*Data to examine*

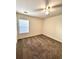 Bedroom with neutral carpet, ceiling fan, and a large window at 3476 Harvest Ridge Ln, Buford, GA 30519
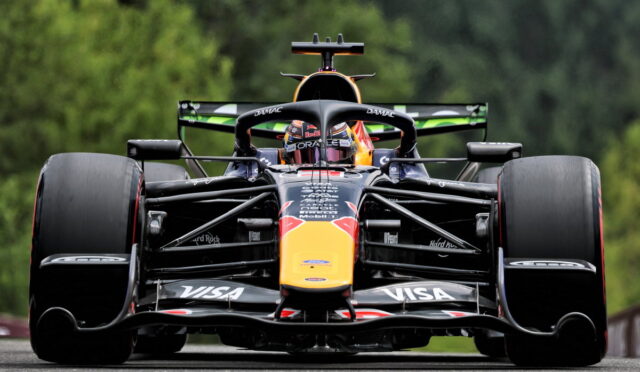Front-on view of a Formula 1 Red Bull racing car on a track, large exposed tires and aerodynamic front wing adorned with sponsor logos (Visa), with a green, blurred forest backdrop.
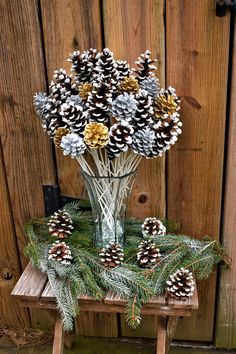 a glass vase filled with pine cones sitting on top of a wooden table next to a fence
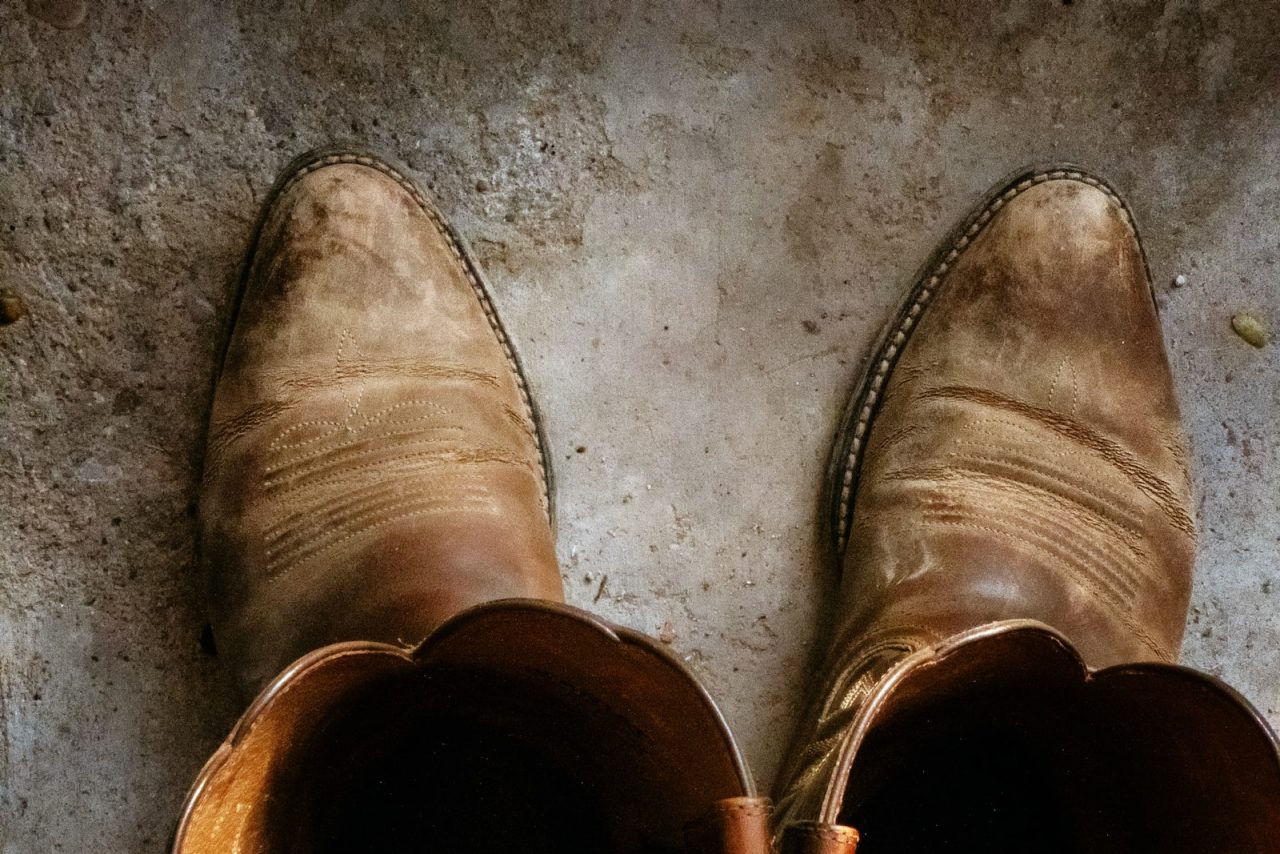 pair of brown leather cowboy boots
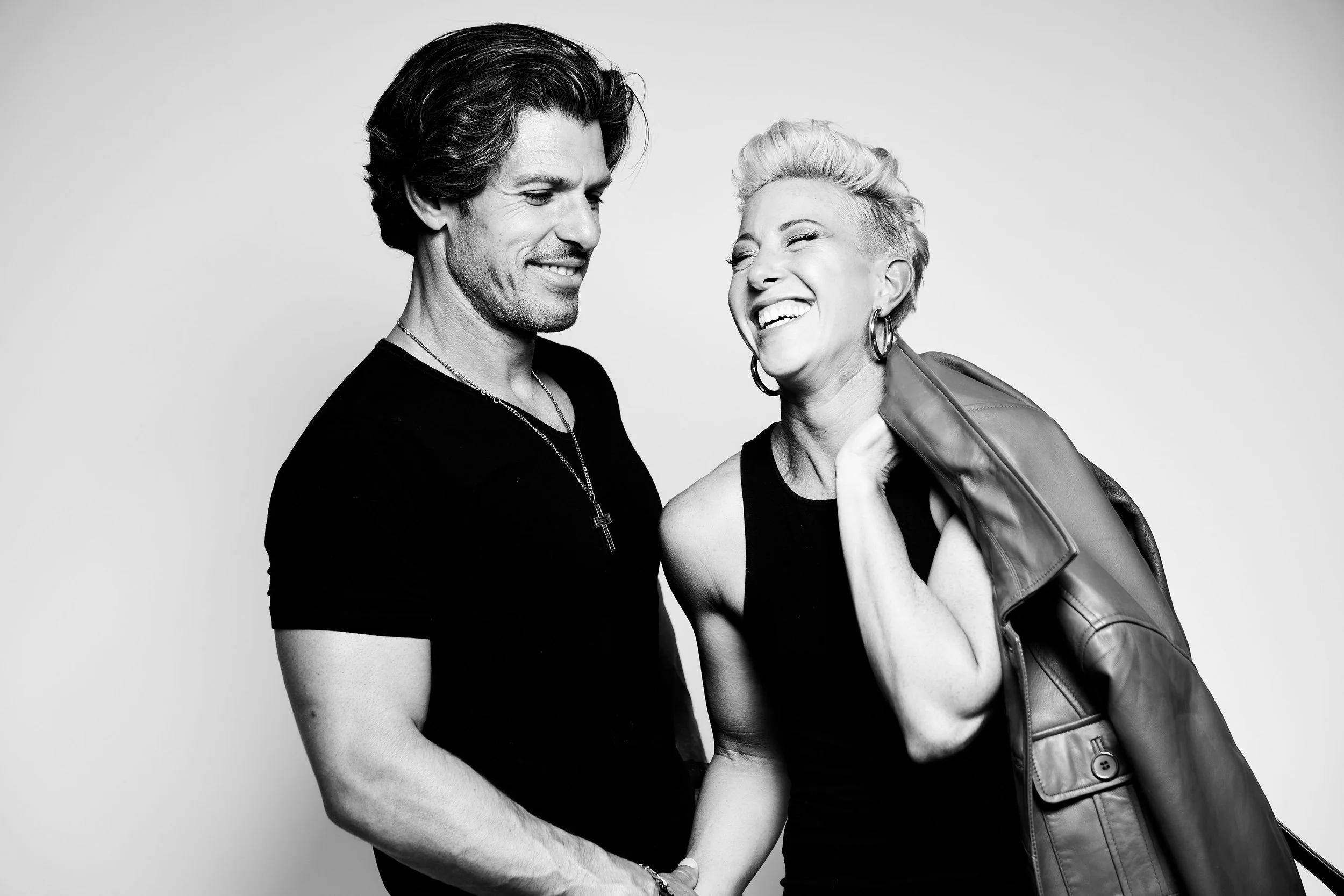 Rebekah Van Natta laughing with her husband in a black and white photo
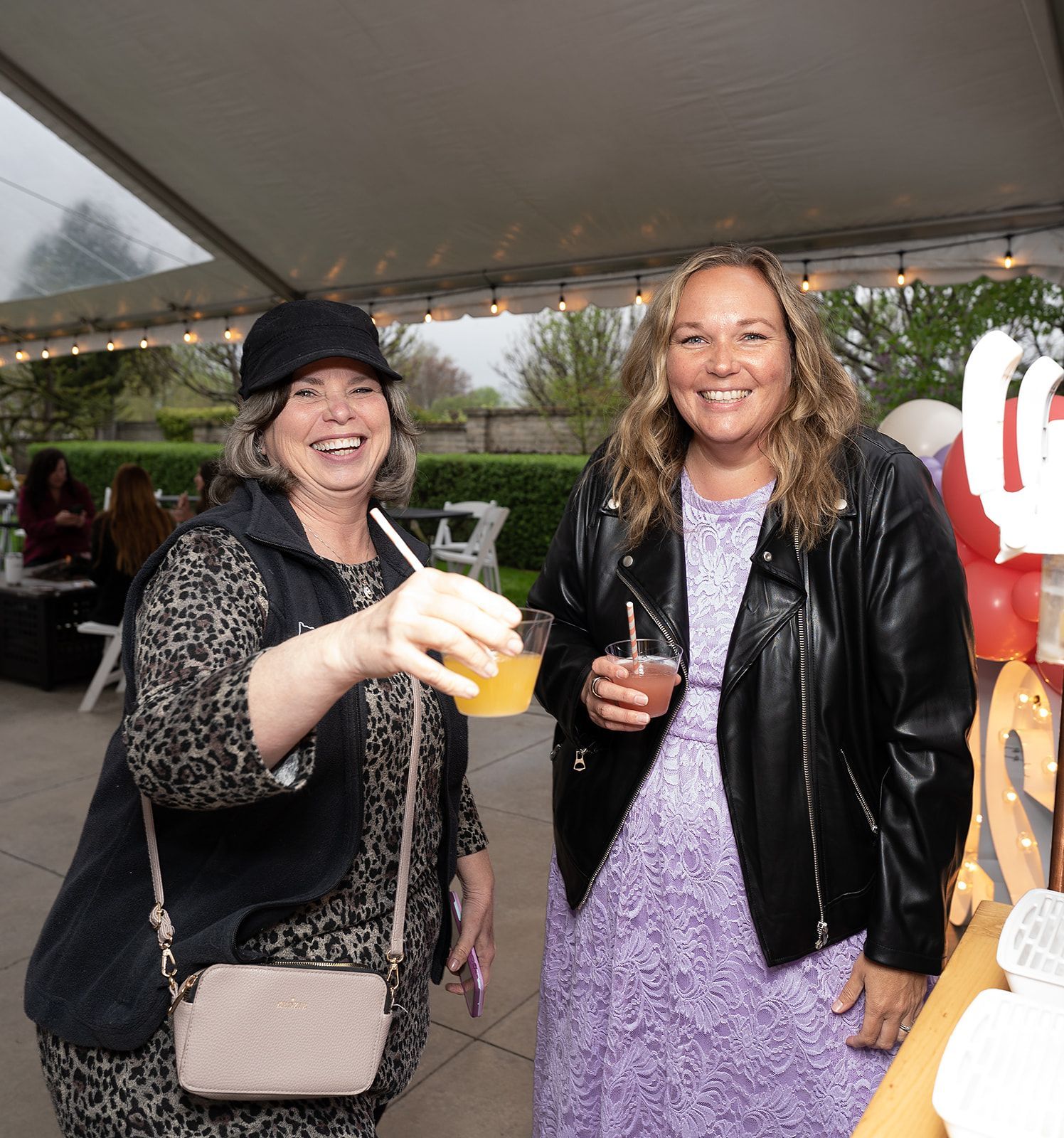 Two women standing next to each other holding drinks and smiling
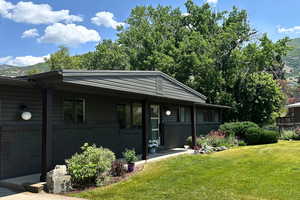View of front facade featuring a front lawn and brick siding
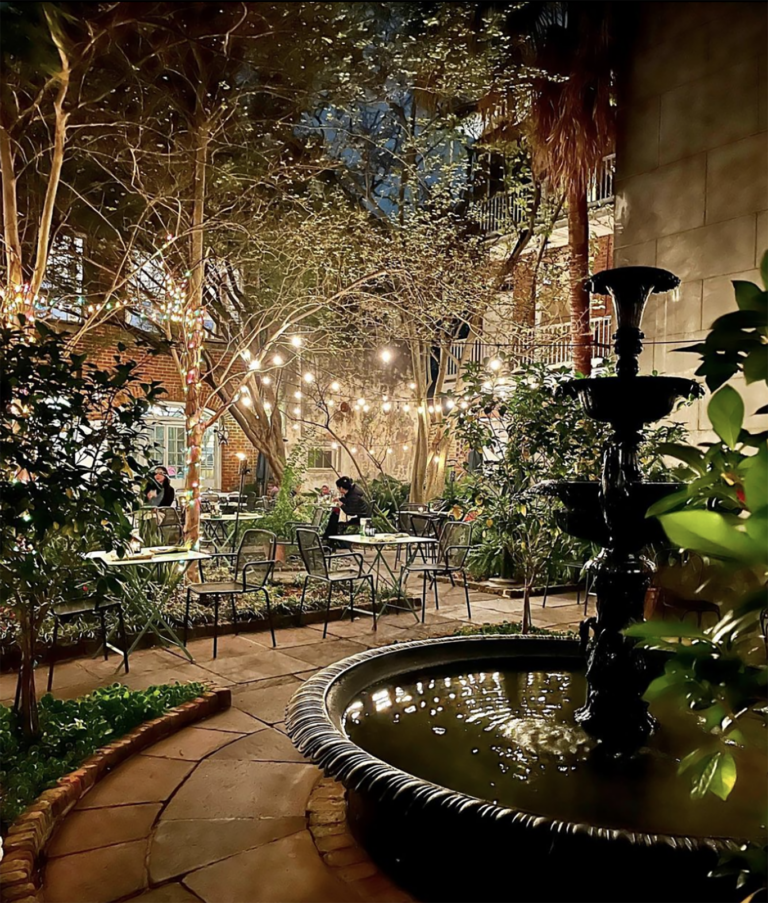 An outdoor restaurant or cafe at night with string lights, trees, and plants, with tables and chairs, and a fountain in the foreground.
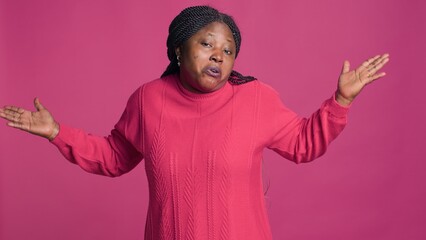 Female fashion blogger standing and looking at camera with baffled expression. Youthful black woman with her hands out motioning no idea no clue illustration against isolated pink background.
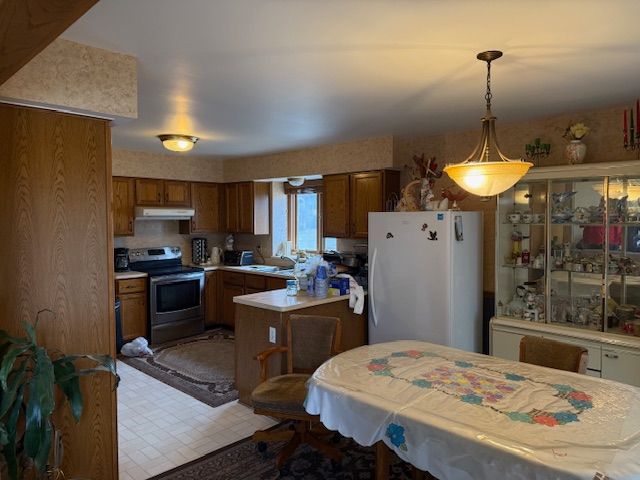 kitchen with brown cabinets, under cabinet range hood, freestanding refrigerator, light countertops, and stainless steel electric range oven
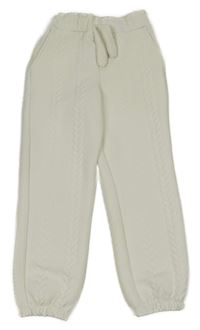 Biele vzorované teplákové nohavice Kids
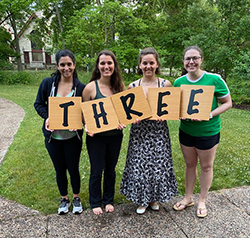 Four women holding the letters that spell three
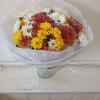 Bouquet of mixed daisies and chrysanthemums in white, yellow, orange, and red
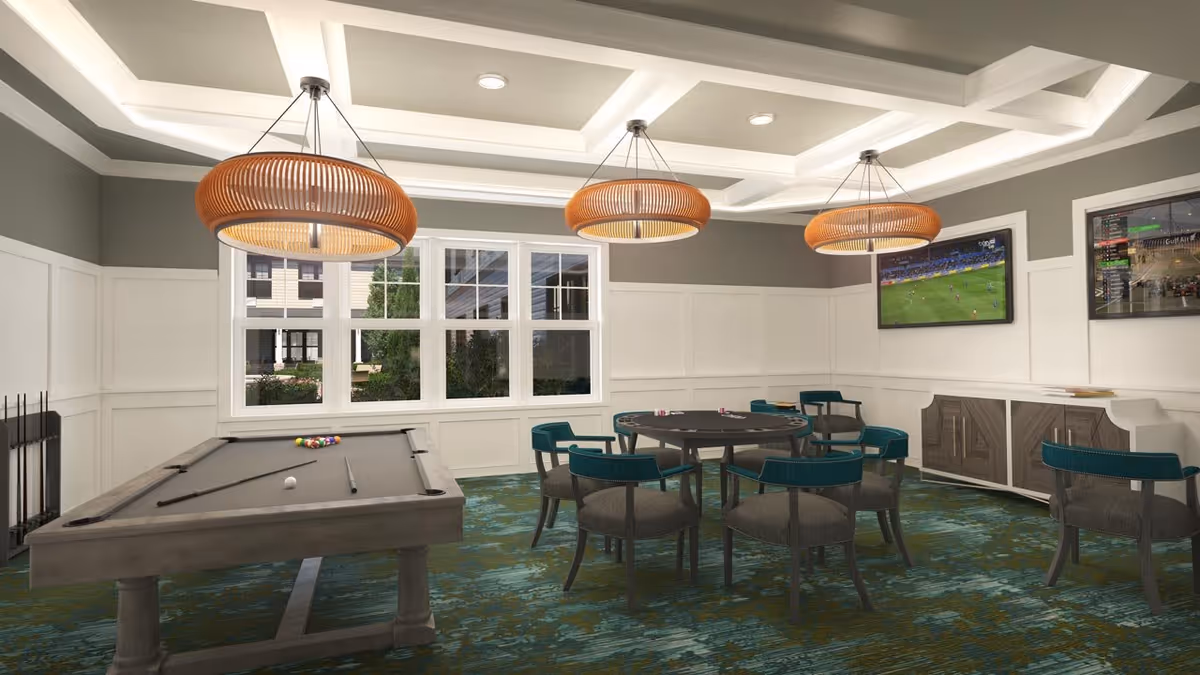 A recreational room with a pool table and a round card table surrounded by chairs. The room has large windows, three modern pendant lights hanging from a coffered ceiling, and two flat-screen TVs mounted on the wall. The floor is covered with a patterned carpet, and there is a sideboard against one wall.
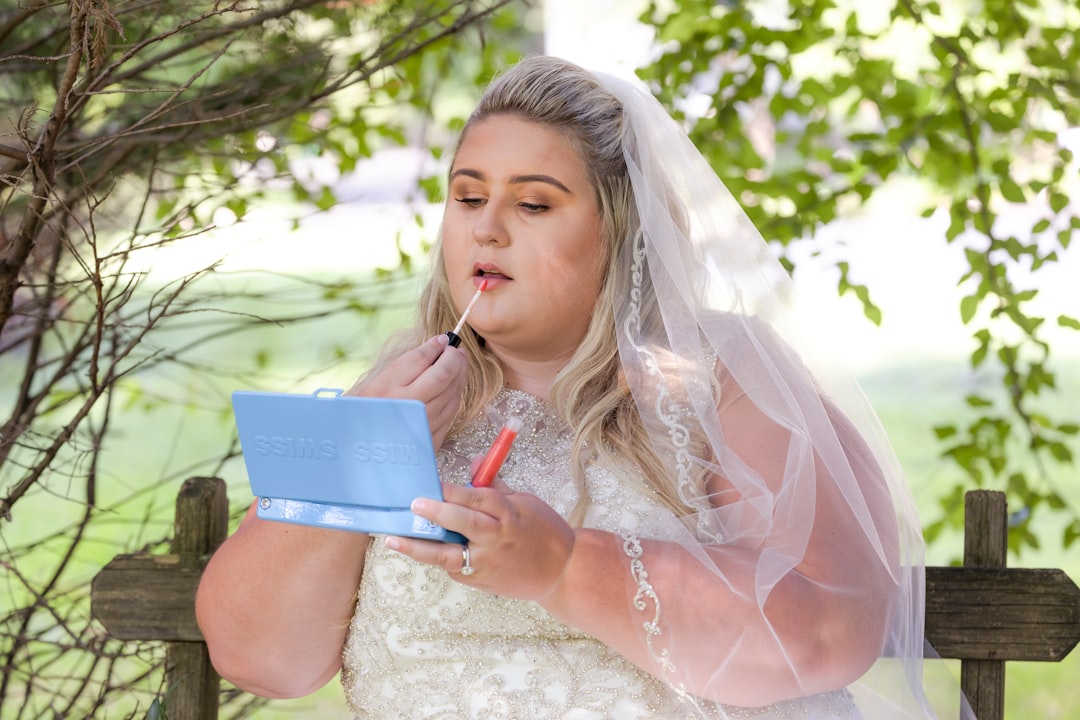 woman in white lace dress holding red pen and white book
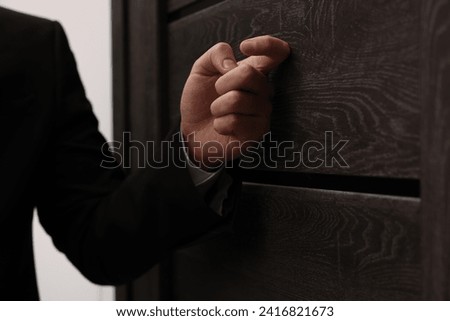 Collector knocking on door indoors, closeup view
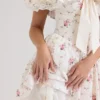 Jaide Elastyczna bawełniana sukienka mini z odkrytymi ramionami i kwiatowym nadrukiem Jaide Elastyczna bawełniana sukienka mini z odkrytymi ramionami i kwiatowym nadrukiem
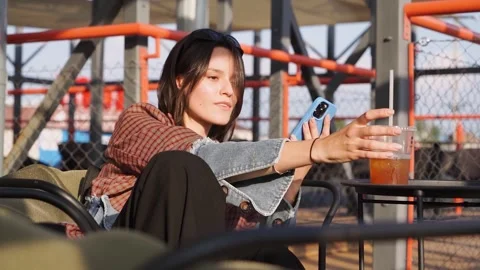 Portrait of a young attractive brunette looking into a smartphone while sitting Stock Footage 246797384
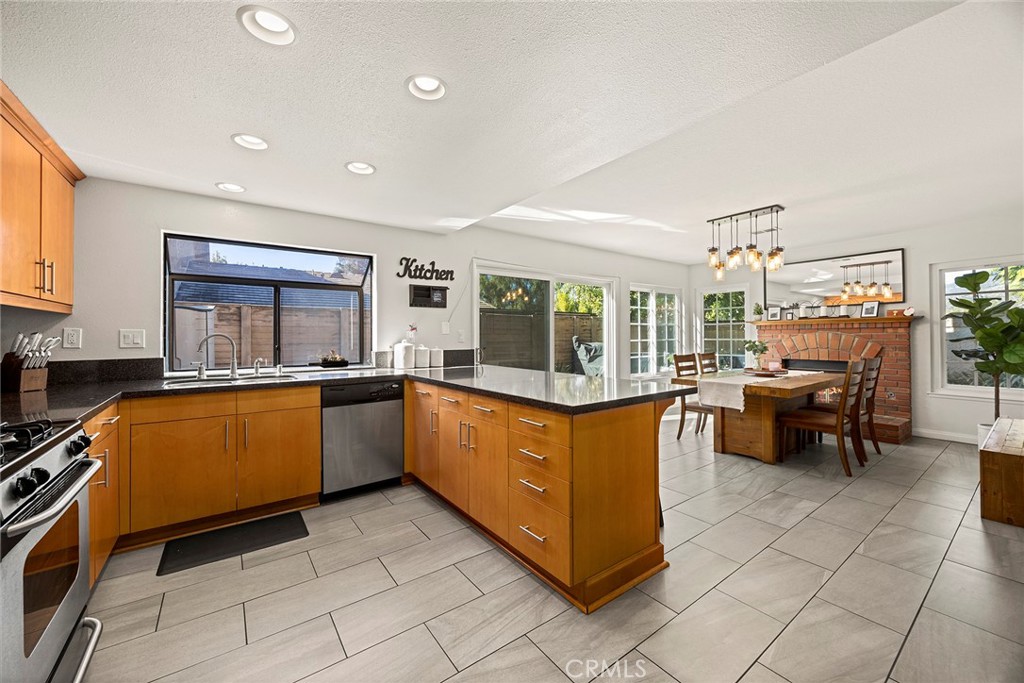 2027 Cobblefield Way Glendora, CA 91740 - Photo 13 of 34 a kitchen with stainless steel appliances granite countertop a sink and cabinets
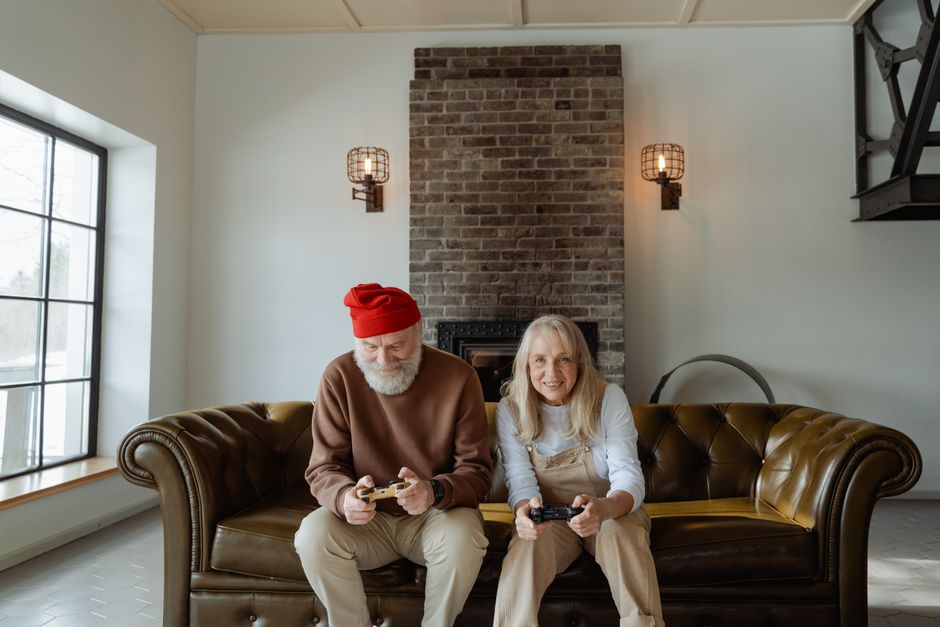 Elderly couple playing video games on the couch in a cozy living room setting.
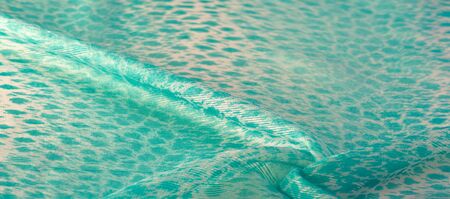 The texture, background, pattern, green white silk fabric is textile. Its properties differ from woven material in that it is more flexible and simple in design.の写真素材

*Prompt*
Pictures aside, retype the material exactly.

*Solved exercise*
 Bedroom with neutral carpet, ceiling fan, and a large window at 3476 Harvest Ridge Ln, Buford, GA 30519
Front-on view of a Formula 1 Red Bull racing car on a track, large exposed tires and aerodynamic front wing adorned with sponsor logos (Visa), with a green, blurred forest backdrop.
 a glass vase filled with pine cones sitting on top of a wooden table next to a fence
 pair of brown leather cowboy boots
 Rebekah Van Natta laughing with her husband in a black and white photo
 Two women standing next to each other holding drinks and smiling
View of front facade featuring a front lawn and brick siding
 An outdoor restaurant or cafe at night with string lights, trees, and plants, with tables and chairs, and a fountain in the foreground.
 Female fashion blogger standing and looking at camera with baffled expression. Youthful black woman with her hands out motioning no idea no clue illustration against isolated pink background.
 kitchen with brown cabinets, under cabinet range hood, freestanding refrigerator, light countertops, and stainless steel electric range oven
 Biele vzorované teplákové nohavice Kids
 Four women holding the letters that spell three
 Bouquet of mixed daisies and chrysanthemums in white, yellow, orange, and red
 A recreational room with a pool table and a round card table surrounded by chairs. The room has large windows, three modern pendant lights hanging from a coffered ceiling, and two flat-screen TVs mounted on the wall. The floor is covered with a patterned carpet, and there is a sideboard against one wall.
 woman in white lace dress holding red pen and white book
 Collector knocking on door indoors, closeup view
 Jaide Elastyczna bawełniana sukienka mini z odkrytymi ramionami i kwiatowym nadrukiem Jaide Elastyczna bawełniana sukienka mini z odkrytymi ramionami i kwiatowym nadrukiem
 Portrait of a young attractive brunette looking into a smartphone while sitting Stock Footage 246797384
 2027 Cobblefield Way Glendora, CA 91740 - Photo 13 of 34 a kitchen with stainless steel appliances granite countertop a sink and cabinets
 Elderly couple playing video games on the couch in a cozy living room setting.
 The texture, background, pattern, green white silk fabric is textile. Its properties differ from woven material in that it is more flexible and simple in design.の写真素材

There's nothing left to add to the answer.